International organisations join forces to help shipowners meet recycling regulations

The International Chamber of Shipping (ICS) and BIMCO, together with the International Ship Suppliers’ Association (ISSA) and the International HazMat Association (IHMA), have collaborated to develop a new guide to help both shipowners and ship suppliers comply with new ship recycling regulations.

As informed, the new guidelines will help the shipping companies to comply with both the current EU Ship Recycling Regulations (EUSRR) and the Hong Kong Convention on Ship Recycling (HKC) where ratification is anticipated next year.

Under both sets of regulations, the shipowner must develop and maintain an Inventory of Hazardous Materials (IHM) for each vessel they own. In support of this, ship suppliers must provide material declarations (MDs) and Supplier’s Declarations of Conformity (SDoC) for equipment delivered to the ship.

Materials Declarations for Inventories of Hazardous Materials” aims to clarify the exchange of information between shipowners and suppliers. The guide helps shipowners and suppliers to understand the legislation, reduce the administrative burden for both parties, and ensure that the IHM is completed properly.

Efforts to comply with these requirements have caused a significant increase in shipowners’ requests for material declarations from suppliers, in excess of what is required and placing a considerable administrative burden on these suppliers.

In turn, a lack of awareness by suppliers of their responsibilities in providing accurate material declarations on request can also impact the accuracy of the IHM.

“The IHM requirements apply for the entire life cycle of a ship, and there are specific provisions relating to each stage in the ship’s life to ensure that hazardous materials can be identified as far as possible, and their disposal properly planned in the ship recycling process,” John Stawpert, Senior Manager (Environment and Trade) at ICS said.

“We found that in their efforts to comply with regulations, shipowners were making exhaustive requests for materials declarations on items that did not need to be included in the IHM. Not only was this putting a huge administrative burden on ship suppliers but was also making the maintenance of the inventory by the owner significantly more complicated.”

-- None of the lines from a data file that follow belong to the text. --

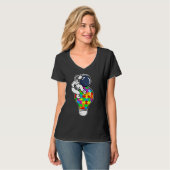 Peace Love Autisme Awareness It Fidget Speelgoed A T-shirt (Voorkant volledig)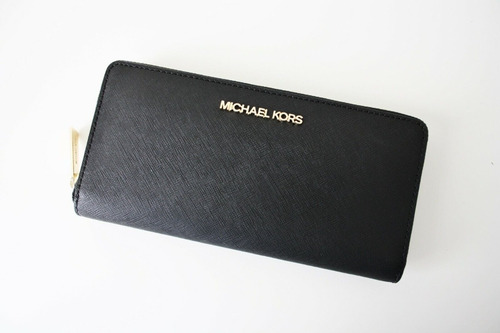 Imagen 1 de 3 de Billetera Michael Kors Original Continental Black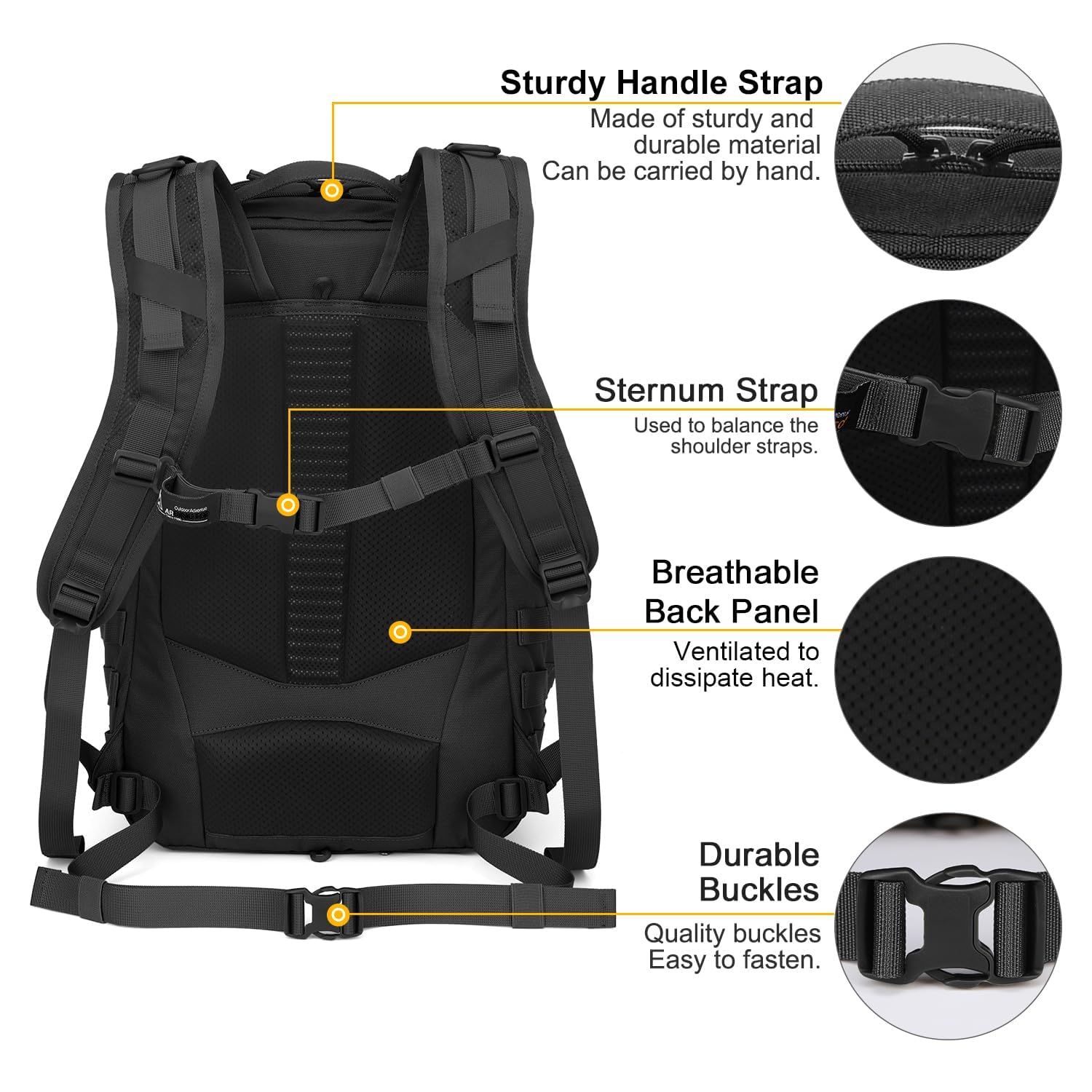 Mardingtop Molle 30 l plecak turystyczny, wojskowy, taktyczny plecak męski, plecak Cordura na wędrówki, kemping, trekking, wspinaczkę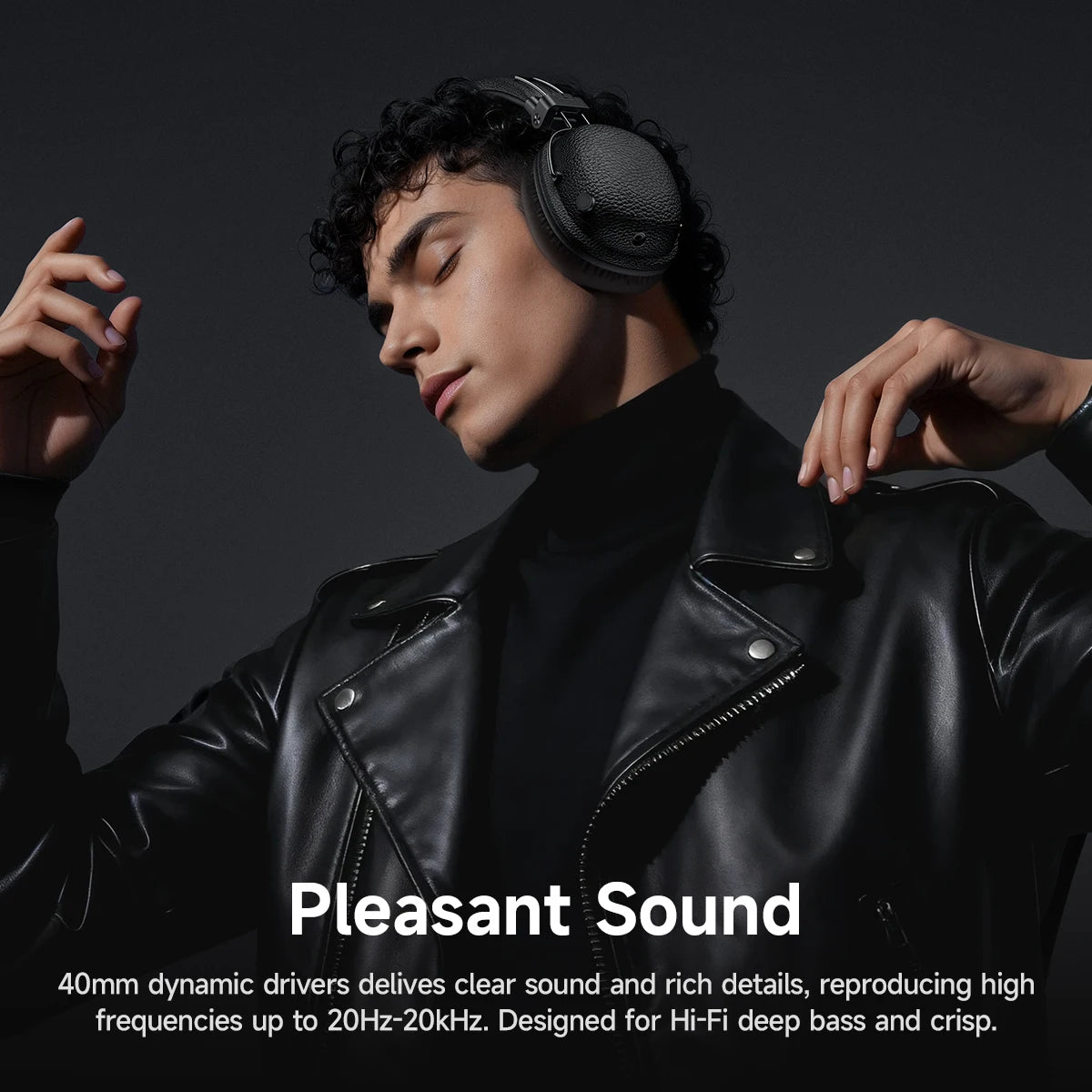 HOCO Retro Auriculares Bluetooth 5.4 Cuero PU HiFi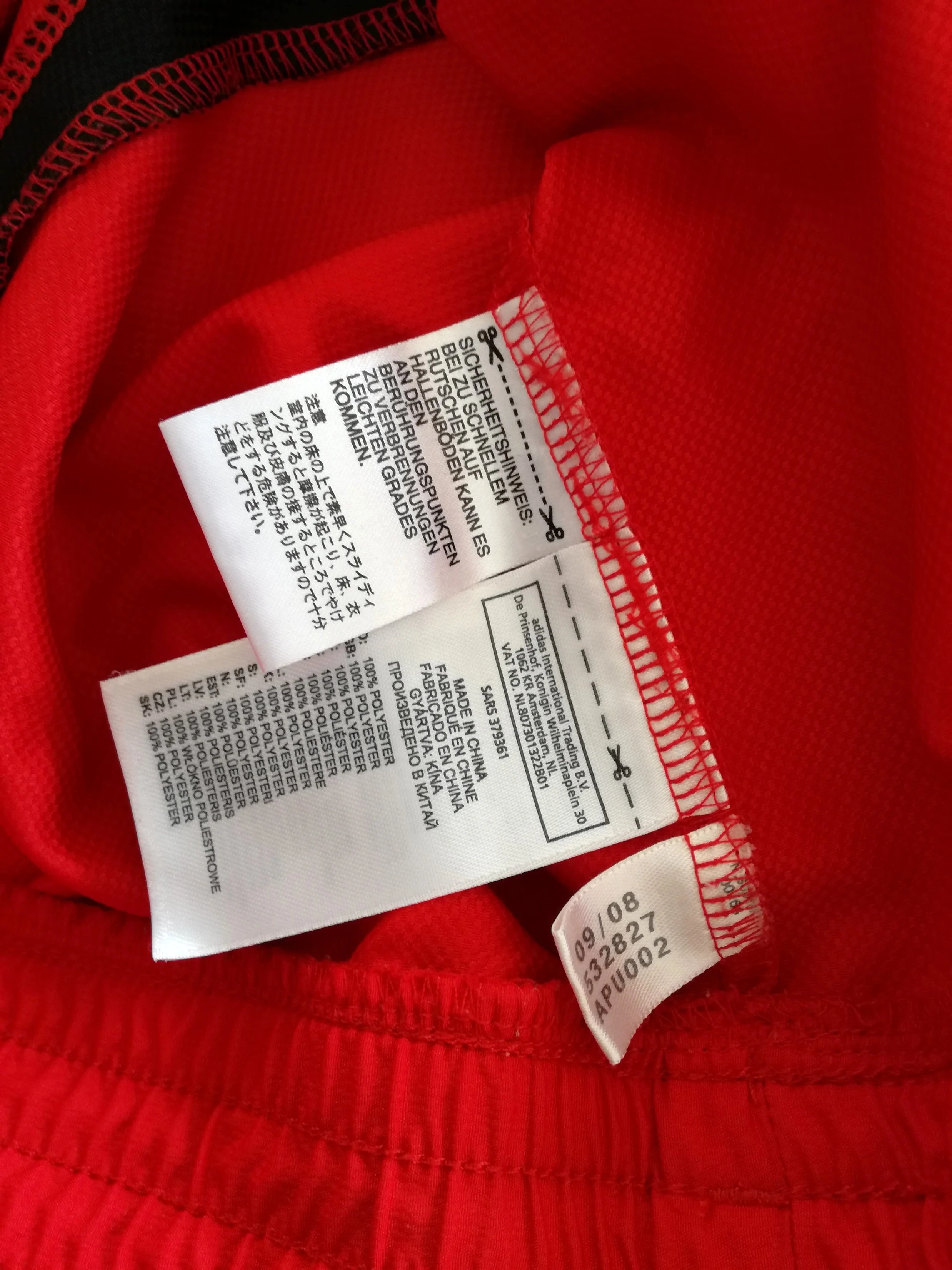 2008/09 Liverpool Hooded Drill Top (L) - Image 5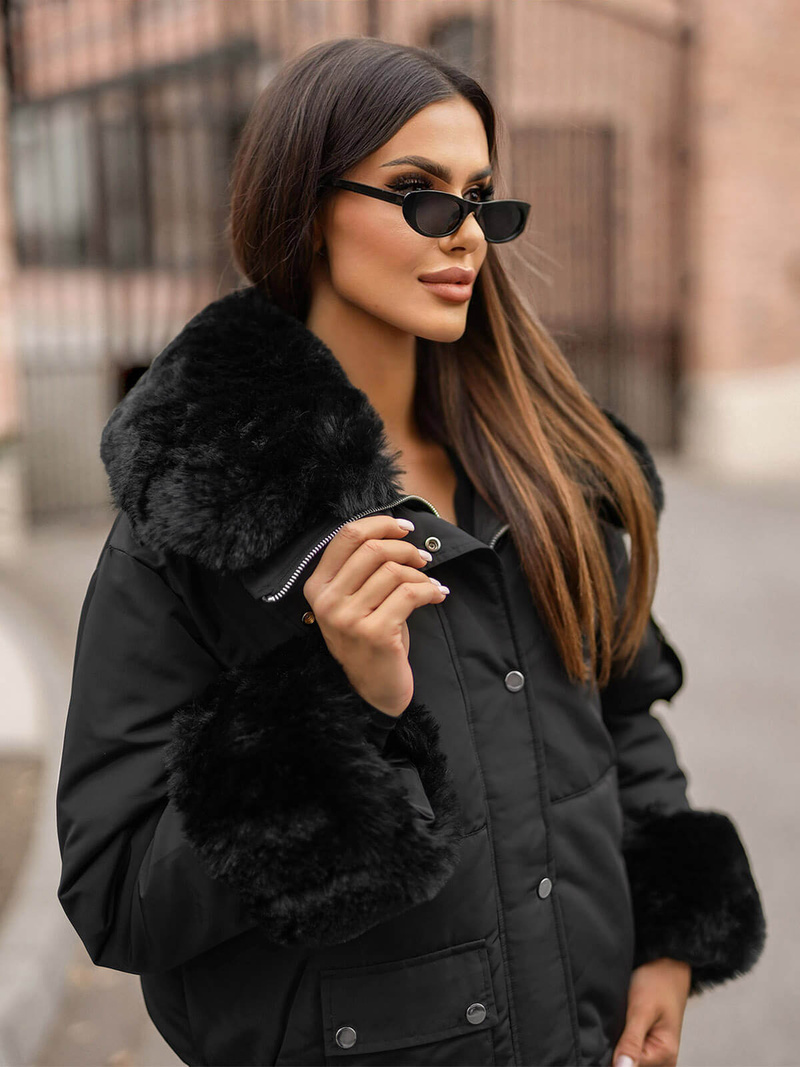 Veste Femme Noir OZONEE O/H833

The new guide covers everything a shipowner or ship supplier needs to know to understand the process leading to completion of the IHM. It contains a series of tables clearly showing what should and should not be included in the materials declaration, demonstrates how to complete the paperwork and talks users through common mistakes.

The document has been written to relate to both shipowners and ship suppliers, and will provide a valuable tool for suppliers, superintendents, technical managers, and all who are responsible for complying with EUSRR and HKC regulations.

“Shipowners are rightly concerned about ensuring that the inventories are as complete as they possibly can be. However, this has caused confusion as to what should be covered by materials declarations and a level of anxiety from ship suppliers as they endeavour to fulfil what are, at times, impossible requests. This guidance aims at providing practical support to both shipowners and ship suppliers, ensuring that ship suppliers are only being asked for the things that the regulation and the convention actually requires them to provide,” Sean Moloney, ISSA Secretary added.

Earlier on, BIMCO pointed out that the European Union (EU) should approve additional ship recycling facilities outside Europe to meet the demands of the global shipping industry.

In its latest “Report on the European List of Ship Recycling Facilities”, BIMCO argues that so far, the inclusion of non-European ship recycling facilities on the EU list has provided limited potential for large-scale recycling.

EU member state facilities, in general, provide either bespoke local solutions to a niche recycling market or are focussed on offshore decommissioning, according to BIMCO. This means they are not dedicated to the recycling of large ocean-going ships and therefore do not have sufficient capacity.